I was on the fence with this one but programs like this one by Clyde Lewis really make a lot of sense. This is getting crazy. I hope it's not in bad taste to link another talk show but I believe it's too important not to.
 
Is it more stuff about how they're connected to the LIBOR scandal (which isn't true) or how the people who are shown on the news suffering from this tragedy are character actors (which also isn't true)? So far, every conspiracy theory about this whole thing that I've heard has been completely made up. Could you perhaps summarize just what their points are so I don't have to listen to this guy's show? John Rappaport doesn't exactly inspire confidence given his stand on things like AIDS being a myth and I've heard Clyde before and the only way I could describe him is like Alex Jones but worse, if that's even possible.
 
Personally I'm blown away by the whole Sandy Hook thing.

The fact that someone can be dumb or ignorant or gullible enough, to actually believe that it might have been a "government set up" or "government operation" is simply staggering...

It takes a major leap of faith and overlooking of facts to really believe that "they" made it happen.
 
Let's see...
Guy kills his mom
Then goes to the school
Then kills 27 including 20 kids...
Where is there room for doubt?
Where is the gov involved?
20 kids are DEAD! Case closed!
 
If you haven't heard Biedny's rant on this, check out: Internet Radio: Rockland World Radio - Angry Human ( from 12/18/12 ).

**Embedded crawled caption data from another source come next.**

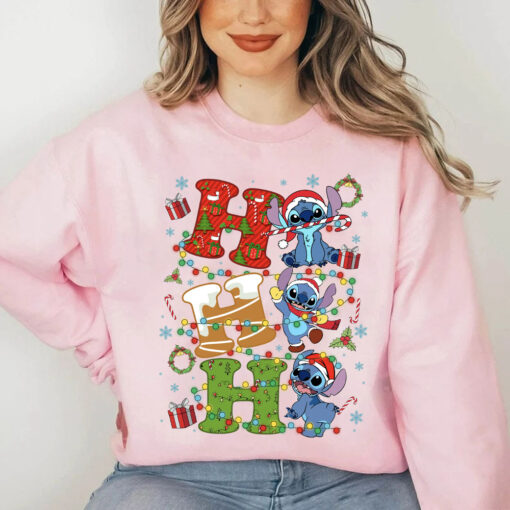 Stitch Christmas Shirt, HoHoHo Christmas Sweatshirt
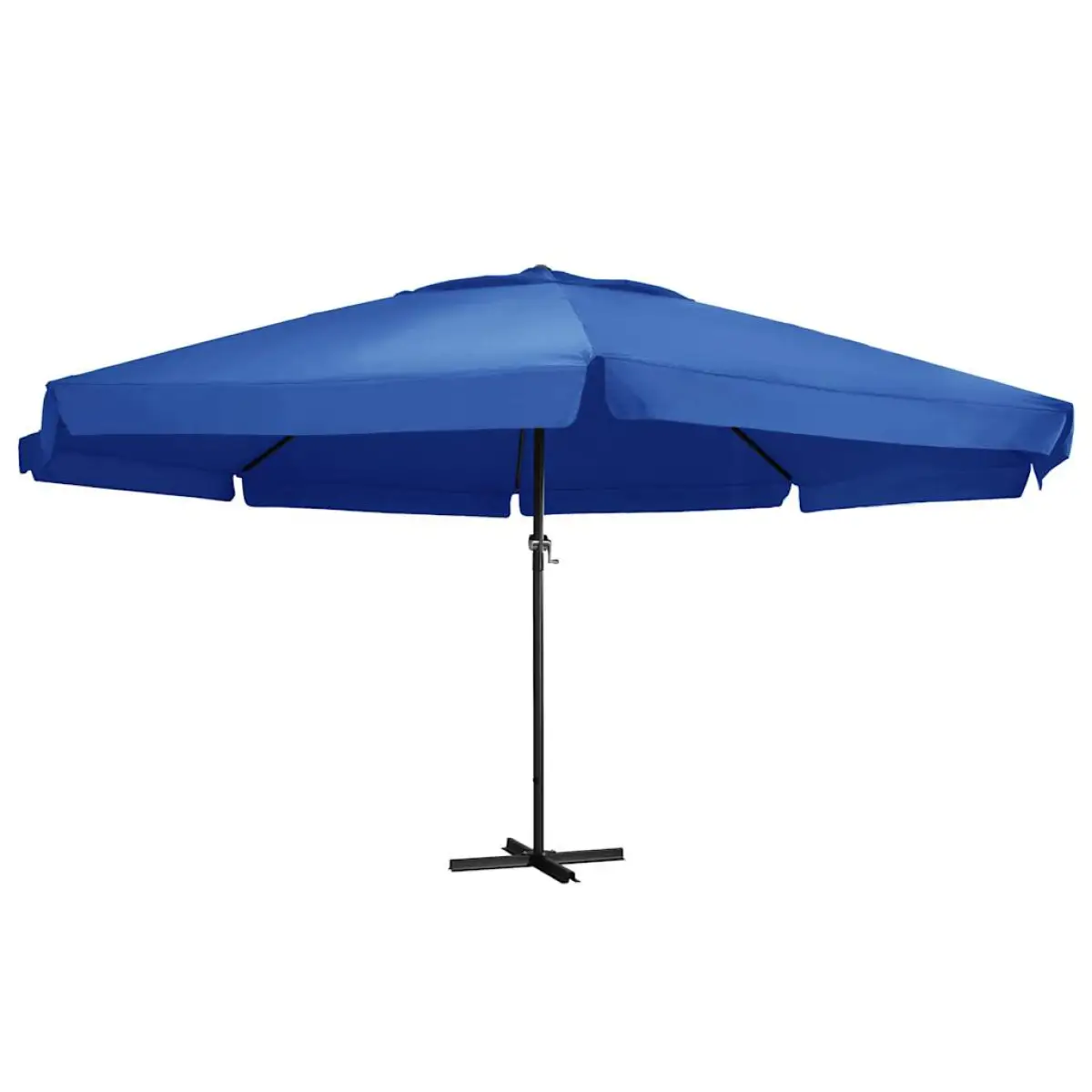 vidaXL vidaXL Garden Parasol with Aluminium Pole 500 cm Black - Parasol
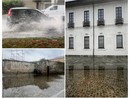 Sopra viale Pirandello, sotto via Pozzi. A lato, Palazzo Cicogna si specchia Sopra viale Pirandello, sotto via Pozzi. A lato, Palazzo Cicogna si specchia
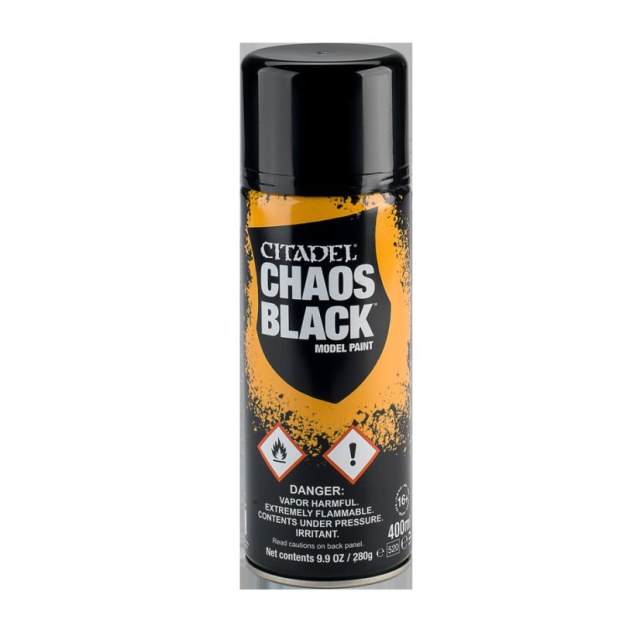 CITADEL CHAOS BLACK SPRAY 62-02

As usual, David makes some excellent points, especially about how it's no wonder that the de-funding of education mixed with the ridiculousness of the mass media has led to some of our citizens having a less than tenuous grasp on reality.

Conspiracy theories are popular surrounding events like this because they enable people to make sense of a senseless tragedy, they provide easy answers and convenient scapegoats. It enables people to see things in black and white and eschew the responsibility that we as a society bear for the terrible things that happen in this world. That's a tough pill to swallow, most would rather just pin the blame on some nebulous concept of scum and villainy like the NWO, Illuminati or the devil.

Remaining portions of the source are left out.